Leading from the front! A scene from the play 'Ulgulan' which depicted the story of tribal freedom fighter, Birsa Munda who fought against British imperialism and local zamindars

The Sanskar Bharti Delhi staged its maiden play with a fine story and slick presentation on the occasion of Azadi Ka Amrit Mahotsav celebrations last week. The Hindi play “Ulgulan” or the Great Tumult is the story of the celebrated freedom fighter, Birsa Munda, who led his tribe, Mundas to fight against the British and landlords in Bengal Presidency in the late 19th Century, while asserting the inalienable rights of the indigenous people on their land and forest.

The 40-minute-long play touched all the vital aspects of Munda’s multi-faceted personality, who hailed from what is today’s Jharkhand. He rebelled against the injustice of the British and the zamindars, and conversion by Christian missionaries, while at same time exhorting his people to take care of their land, mountains, rivers and wildlife; follow hygienic practices like covering their food, keeping their villages clean, stop drinking liquor and believing in superstitions.

“Birsa was way ahead of his times, as he told Mundas not to pollute the rivers, safeguard their forests and wildlife, an environmental activist who also revolted against exploitation. His thoughts and actions are still relevant, as world over indigenous people are asserting their right to forest and their land,” remarked Rohit Tripathi, the seasoned director who helmed the production.

The cast included 35 children between eight to 15, all of whom reside in JJ localities of Kalyanpuri and Trilokpuri in East Delhi. Despite being greenhorns, all of them gave impeccable performance suffused with energy and enthusiasm. Tripathi, who chose them from a group of 100, made them undergo a 35-day workshop.

“Besides, narrating the story of Birsa Munda, we taught them acting, emoting, facial expressions, body movement, and dancing. We also told them about other aspects of theatre, like lighting and props, to give them a comprehensive feel of theatre,” disclosed Tripathi to India Narrative. He added that once the children understood what is expected of them, it was easy.

To provide a tempo to the proceedings, Tripathi included songs and dances in the play. “These reflect the tribal culture and were included to ensure that the story doesn’t become boring,” he revealed.

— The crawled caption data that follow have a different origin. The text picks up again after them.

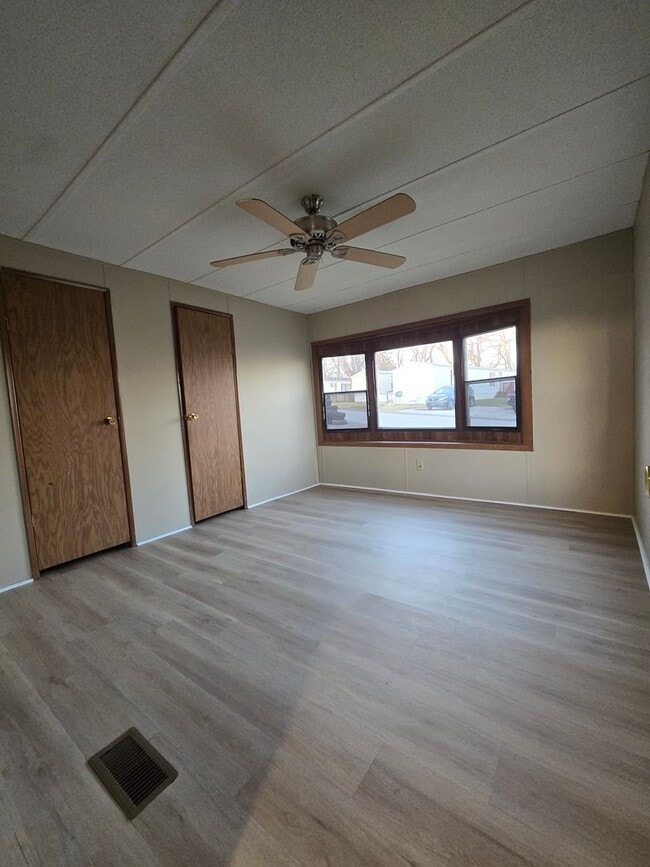 Foto del edificio - 3 bedroom, 2 bath Mobile Home in Yorktowne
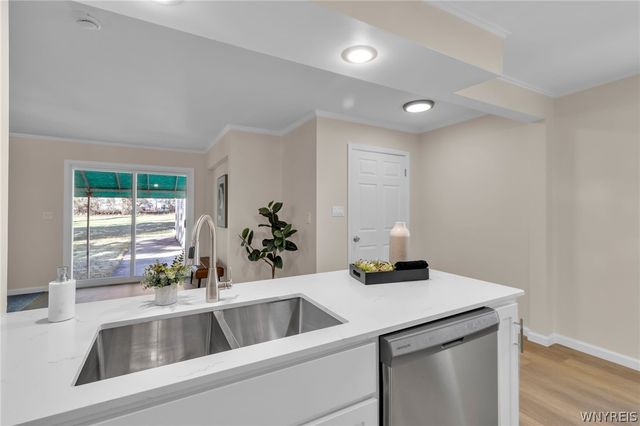 262 Vicksburg Avenue, Tonawanda, NY 14150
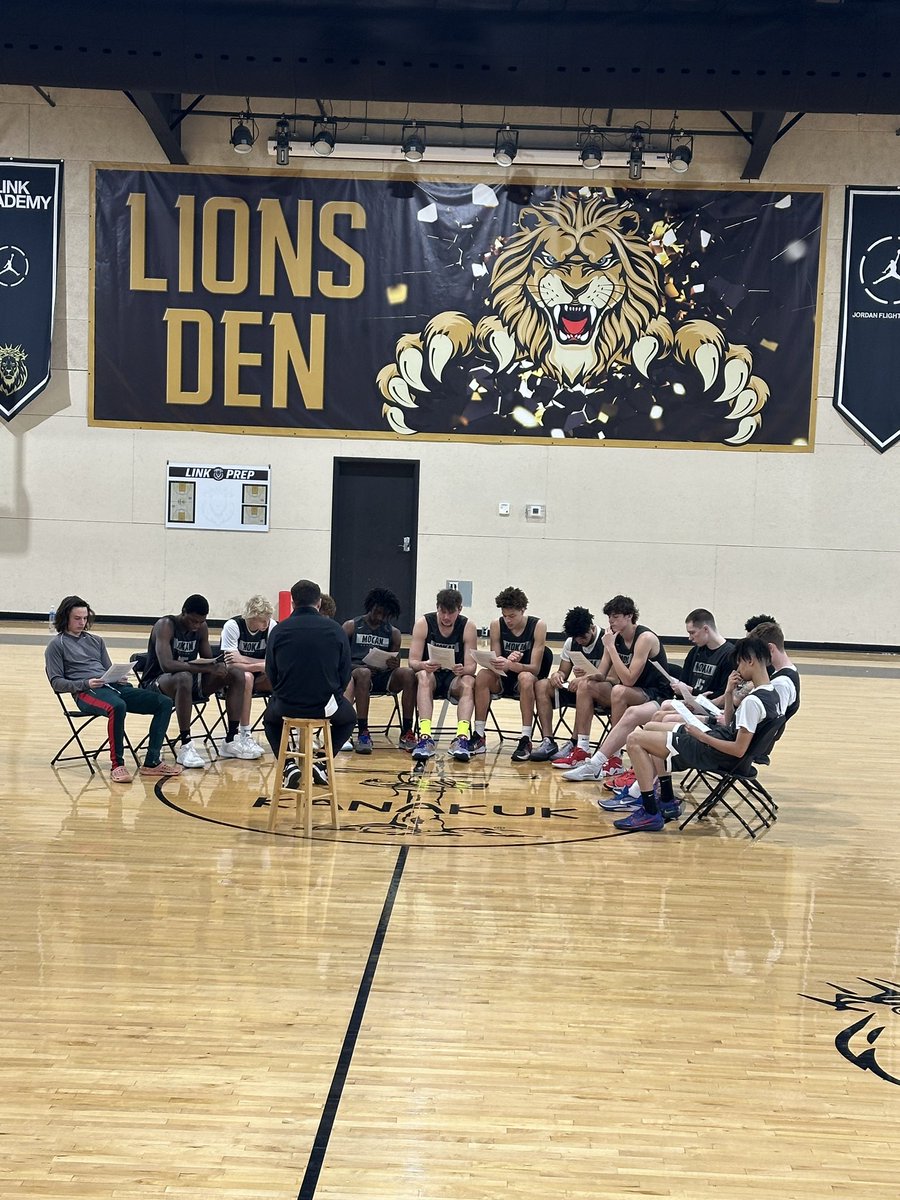 This is how you build a team….teach them, coach them, and build them up to work together. 1st practice weekend at LINK and couldn’t be more excited to watch this team this summer! Total God wink this weekend 😉 🙏#MOKANbasketball #EYCL #Nike #toughness @MokanBasketball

The hard work of the director, choreographer Tiara Tripathi, lighting in-charge Ravinder Mishra and music directors Chittaranjan Tripathi and Rajesh Pathak, was evident in the production, as it kept the large audience in rapt attention, who gave a standing ovation to the kids.

It was evident that this stage experience has done wonders to these youngsters, all of whom were brimming with confidence.

Special mention needs to be made about Vinay Kumar, who essayed Birsa’s role. A Class XII student, he has been a part of Rahul Tripathi’s group for the last five years and assists backstage. “I am looking forward to learning more about acting and stage and want to become an actor after my studies,” he told India Narrative.

The portrait of Birsa — who died at the young age of 24 on June 9, 1900, in Ranchi Jail where he was poisoned — hangs in the Parliament and he is the only tribal leader to enjoy this privilege. Born on November 15, 1875, the day has been declared as Janjatiya Gaurav Divas by the Union Government last year.